671 total views, 671 views today
DELIK-HUKUM.ID ( LAMONGAN ) —Proyek Peningkatan Sistem Penyediaan Air Minum – SPAM Desa Kadungrembug, Kec. Sukodadi, Kab. Lamongan senilai Rp400 juta dari APBD 2024 diduga bermasalah. Ketua DPC Lembaga Aliansi Indonesia- LAI Kab. Lamongan, melaporkan dugaan mark up anggaran dan pelanggaran asas manfaat ke Kejaksaan Negeri Lamongan, karena air yang mengalir ke warga justru asin dan tidak layak konsumsi.
Berdasarkan data RUP SIRUP LKPP Kode 51664198 tertanggal 15 Mei 2024, paket pekerjaan “Peningkatan SPAM Desa Kadungrembug” dikerjakan Dinas Perumahan dan Kawasan Permukiman Kab. Lamongan dengan pagu Rp400.000.000. Pekerjaan meliputi menara reservoir, perpipaan, 50 sambungan rumah, sumur bor dan well head. Kontrak berjalan April – Oktober 2024 dengan metode E-Purchasing.

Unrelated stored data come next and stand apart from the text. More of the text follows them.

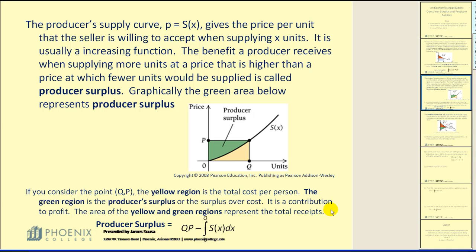The green region is the producer surplus, or the surplus over cost — it is a contribution to profit. The area of the yellow and green regions together represents the total receipts. To find the area of the green region, we take the area of the entire rectangle, q times p, and subtract out the area under the curve in yellow.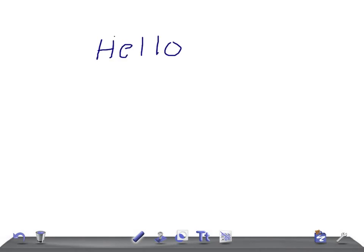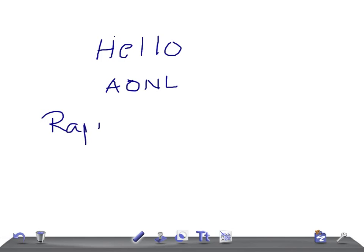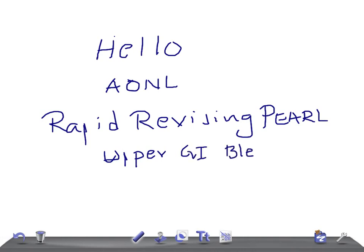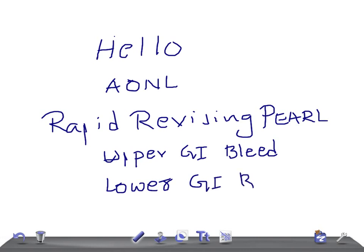Hello friends, welcome back to All-None Law. This is a rapid revision for internal medicine. Today we are going to talk about the differences between upper GI bleed and lower GI bleed. This is a very important topic for USMLE Step 2 CK examination and even for medical students. So guys, try to concentrate on this. Let me quickly start a discussion on this.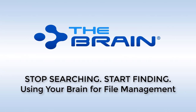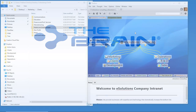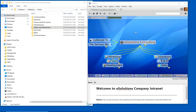Hello everyone, and thank you for joining 'Stop Searching, Start Finding: Using Your Brain for File Management.' My name is Matt Katon. Today we're really focusing on using the Brain application to store all of your data — all of your important files, documents, notes, and information that come in so many shapes and sizes.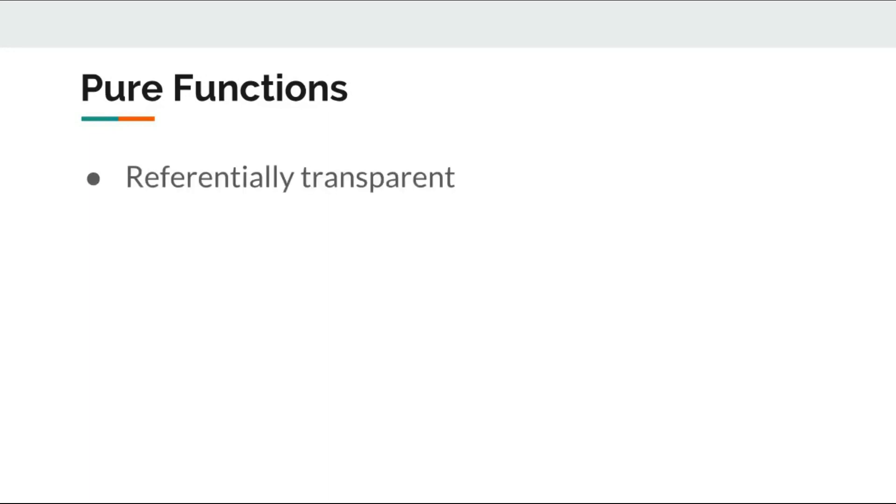Pure functions are important facet of functional programming. So, what is a pure function? Well, a pure function should be referentially transparent and without any side effects. But what does that mean?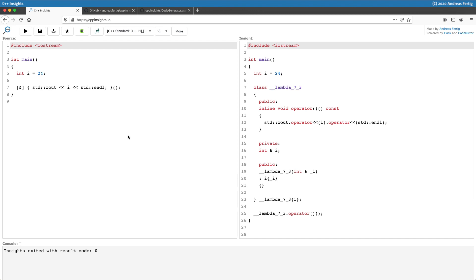The class lambda_7_3 comes with an int reference named i, which is what we asked the compiler to capture on the left. This is something the compiler does for us, and this is important—this variable is private.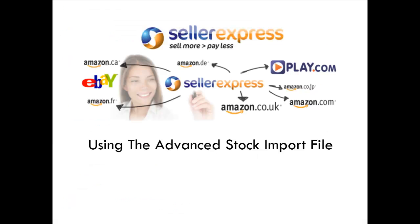Thank you for watching this video, and if you're looking for more information, please do read the help files in the description, or sign up at www.sellerexpress.com.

S, menilai ada kejanggalan. “Harga per sambungan rumah mencapai Rp8 juta. Padahal harga wajar HSPK PUPR Jatim 2024 untuk SR lengkap meter air hanya Rp3,5 juta sampai Rp5 juta. Potensi selisih mark up bisa Rp150 juta,” ujar S saat dikonfirmasi, Jumat (05/07/2026)
Kejanggalan kedua, air hasil SPAM yang seharusnya untuk kebutuhan warga justru asin, berbau dan berkarat. “SPAM sudah selesai tapi airnya asin. Warga tetap beli air galon. Ini jelas melanggar asas manfaat Pasal 3 UU 1/2004. Negara rugi Rp400 juta tapi rakyat tidak dapat air bersih,” tegasnya.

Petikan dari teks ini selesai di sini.